GIS Support Center Projects
Following is a listing of projects that the Support Center has undertaken as of August 2005. Most of these projects support the missions of other agencies. In many cases, Support Center staff work as part of a project team and then assume operational maintenance of the resulting database and/or underlying applications.
Location Based Response System (LBRS)
The LBRS is a multi-million dollar program to develop highly accurate street centerlines with address ranges and field verified site address points through partnerships with local governments. The centerline data is tied to the Ohio Department of Transportation (ODOT) linear referencing system, so information about road and pavement conditions, bridge locations, and auto accident sites can all be related to local government records. Staff at the GISSC are involved with managing this program, coordinating negotiation of MOAs (memoranda of agreements), and publicizing the program to all counties.

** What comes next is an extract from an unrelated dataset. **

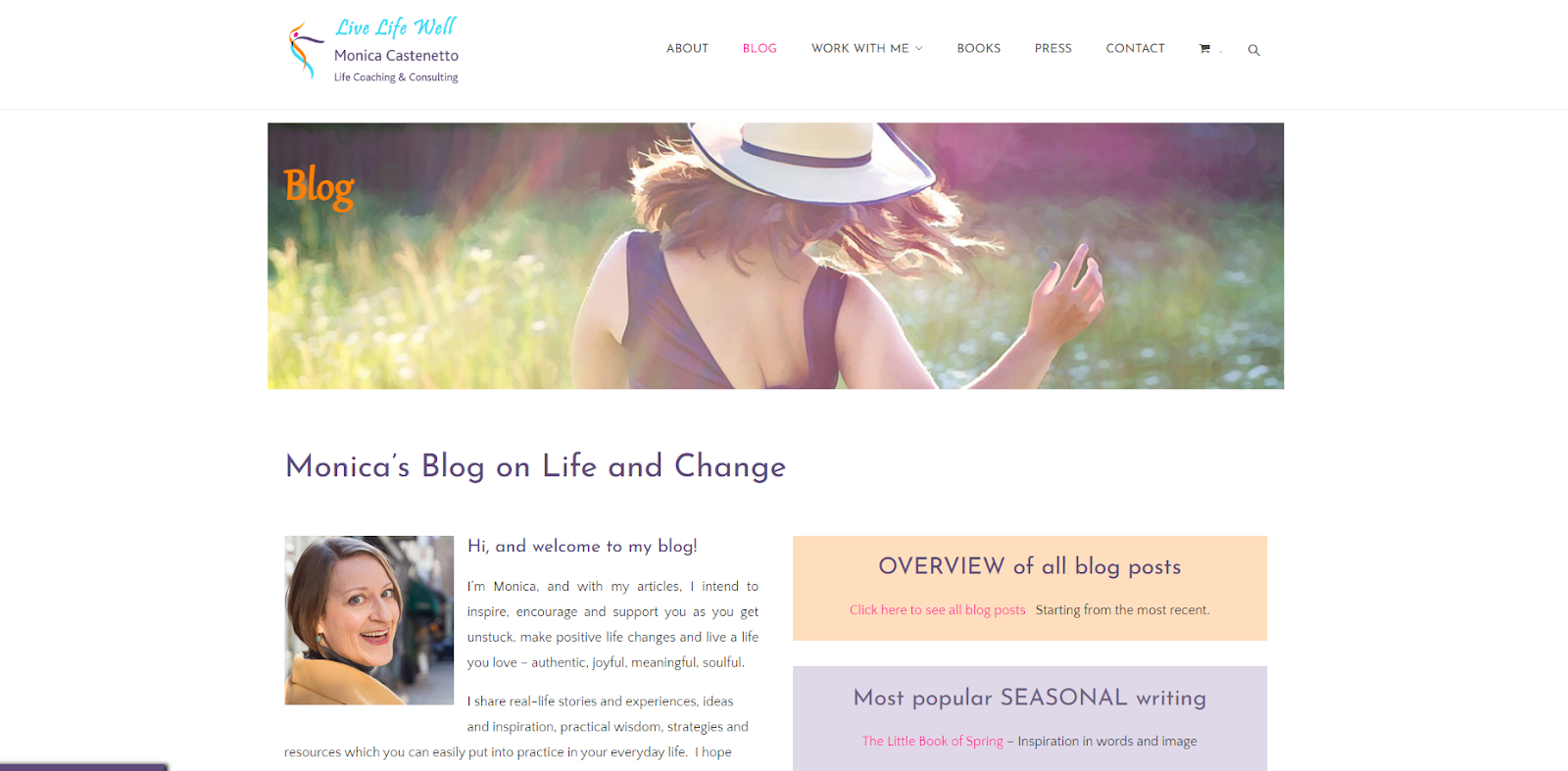 Live Life Well blog homepage - one of the top blogs about personal life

Impetus for this program came from OGRIP. QA/QC for this data set is performed by GIS staff at ODOT.
Statewide Imagery Program
The primary objective of the statewide imagery project is the delivery of digital orthophotography covering the entire state. This imagery acquisition project will cover the entire land area of Ohio, approximately 41,276 square miles, with at least 1 foot pixel resolution. The imagery will support all levels of government in day to day activities including property assessment, economic development, public safety and emergency response. Image acquisition is planned for early 2006 and 2007 with delivery beginning in the fall of 2006.
Streamlined Sales Tax Project (SSTP) and The Finder
Ohio is participating in the Streamlined Sales Tax Project (SSTP). The SSTP is a multi-state initiative to make sales tax laws, rules, and systems more uniform across states and thus easier for vendors to collect states’ sales taxes. Ohio has changed some of its laws to conform to the provisions of the SSTP. The ultimate goal of the SSTP is to encourage out-of-state vendors—primarily catalog and Internet companies—to collect sales tax for Ohio and other states. Ohio’s state and local governments lose an estimated $600 million annually on untaxed sales by out-of-state vendors.

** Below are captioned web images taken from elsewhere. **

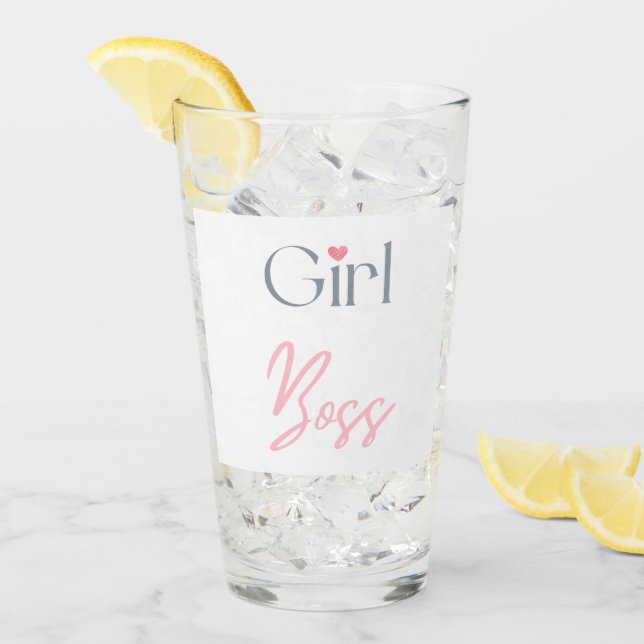 Girl Boss Word Text Minimalistic Glass Tumbler (Front Ice)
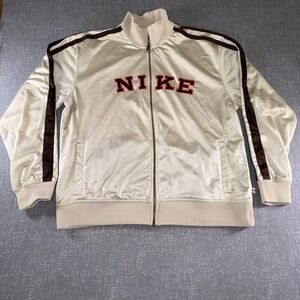 Nike Track Jacket Mens 2XL White Brown Full Zip Collar Stripe Sleeves Swoosh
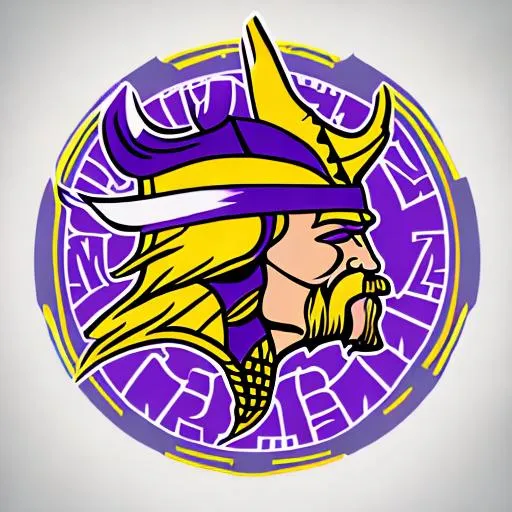 Prompt: psychedelic Minnesota Vikings Logo
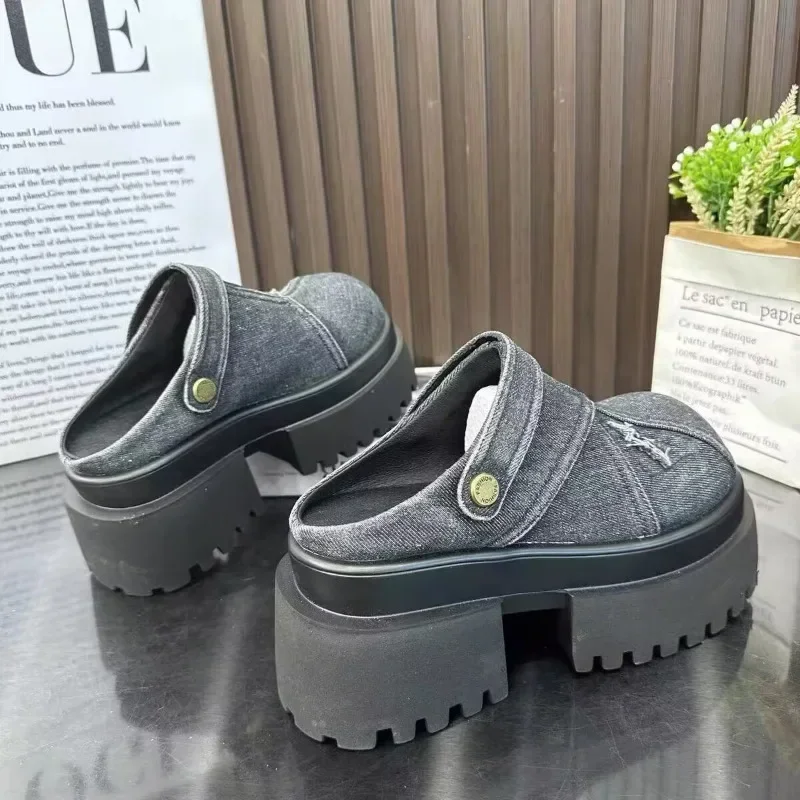 Летние женские тапочки джинсовые сандалии с круглым носком уличная повседневная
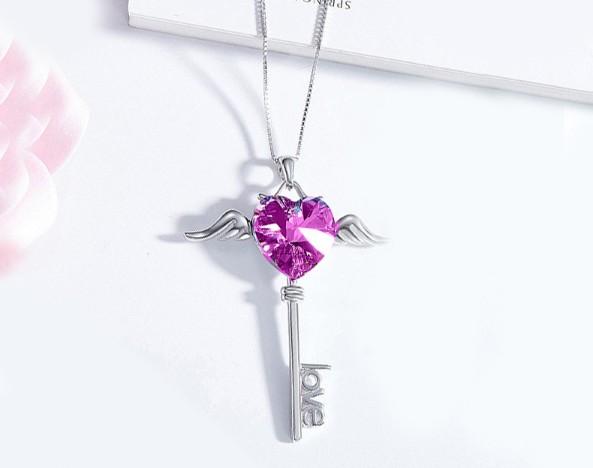 Heart Shaped Pink Elements Dangling Key Necklace in 14K White Gold
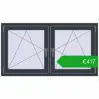 Ustalenie cen Okna skrzydłowe 1380x755 mm REHAU ENERGY-SAVING SYNEGO MD ANTHRACITE_GREY_STRUKTURAL dwustronny. Cena: 416,62 €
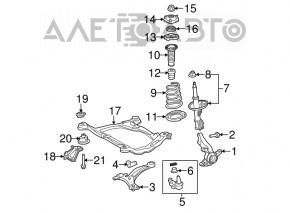 Лопух переднего подрамника задний правый Toyota Sienna 11-14 FWD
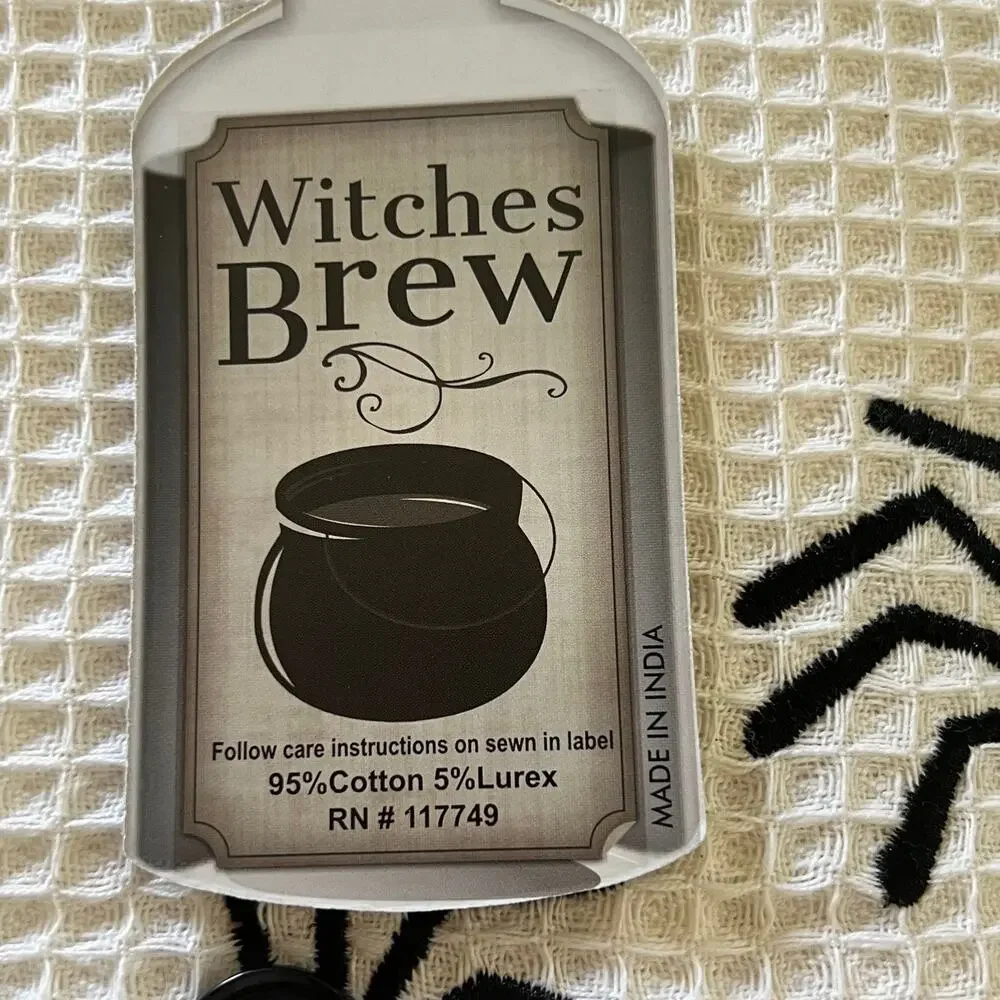 Witches Brew Halloween Kitchen Towels Set of 2 Cotton Blend 16x28 Spiders Stripe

The Finder is a web application that uses spatial technologies to determine the appropriate taxing district for a street address, ZIP Code or geographic coordinate. In addition to identifying sales tax districts, the Finder can be used by Ohio taxpayers to determine if they reside in a particular school district or a municipality with an income tax. The Finder was developed through a partnership between the Ohio Department of Taxation and OIT/ESS in response to the Streamlined Sales Tax Project (SSTP).

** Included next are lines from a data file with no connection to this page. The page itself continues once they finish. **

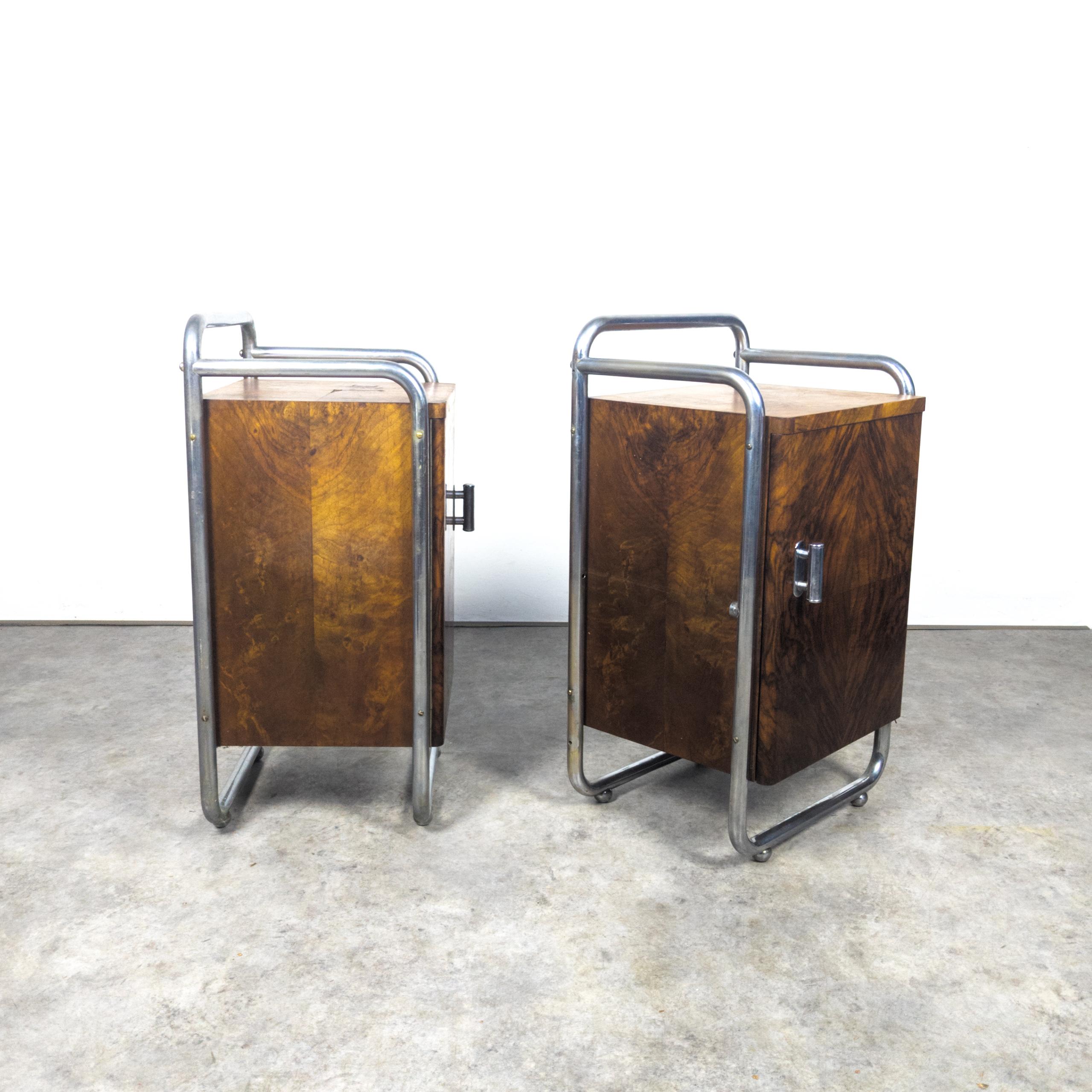 Manufactured by Gottwald company, former Czechoslovakia in the 1930s. Luxurious Art Deco night stands in chrome plated tubular steel and walnut veneered beech wood. In original condition. Chrome in almost perfect condition, veneer with some traces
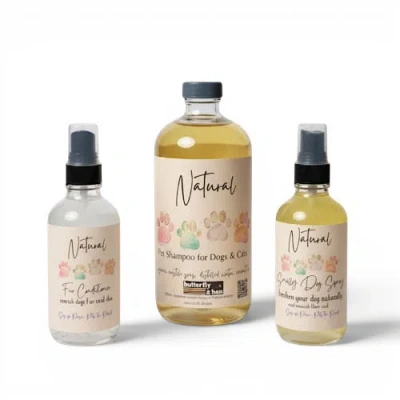 Butterfly & Bee Natural Pet Care Kit Organic Dog Shampoo, Paw Balm & Fur Conditioning Spray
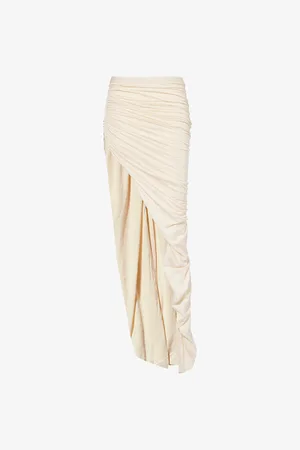 Rick Owens Womens Soft Edfu Ruched Cotton-Jersey Midi Skirt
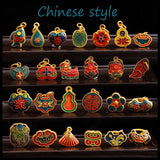 Enamel Porcelain Craft Pendant Chinese Charm Silver Jewelry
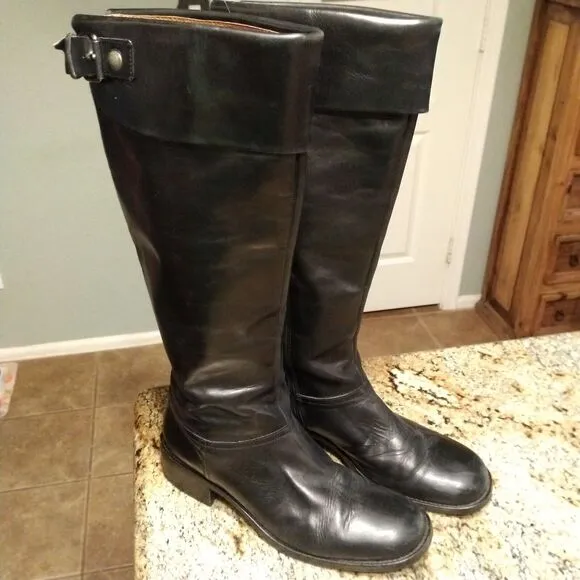 Jones Bootmaker Black Equestrian Riding Knee Booties Spain 9.5 Leather Heels Zip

Department of Commerce/Bureau of Underground Storage Tank Regulations (BUSTR) GIS
Support Center staff is working with the Ohio Department of Commerce/Bureau of Underground Storage Tank Regulations to build an application linking inventory, permitting and inspection data to site locations. GISSC has organized data from BUSTR files and geocoded each permit location according to the stated address. Existing data layers from the Ohio Department of Natural Resource (ODNR) and the Ohio Environmental Protection Agency (OEPA), such as aquifer locations, have been added to the application in order to enable first-pass environmental assessments of permits.
GEOhio Spatial Data Information Portal
The Support Center is maintains this GIS service delivery platform that currently provides publishing services for spatial data for state agencies. GEOhio is an Open Data Portal that provides access to more than 40 terabytes of geospatial data maintained by the State of Ohio. Most datasets are available to the public for download and have no use restrictions.
School District Boundary Update
The Support Center contracted with Cleveland State University to update the school district boundaries from the 2000 Census Bureau-TIGER Line Files. These boundaries were accepted by the Bureau and incorporated into the TIGER files. Since that time OGRIP has worked with the Department of Education to develop and maintain the statewide school district boundary layer using parcel data acquired from local government sources.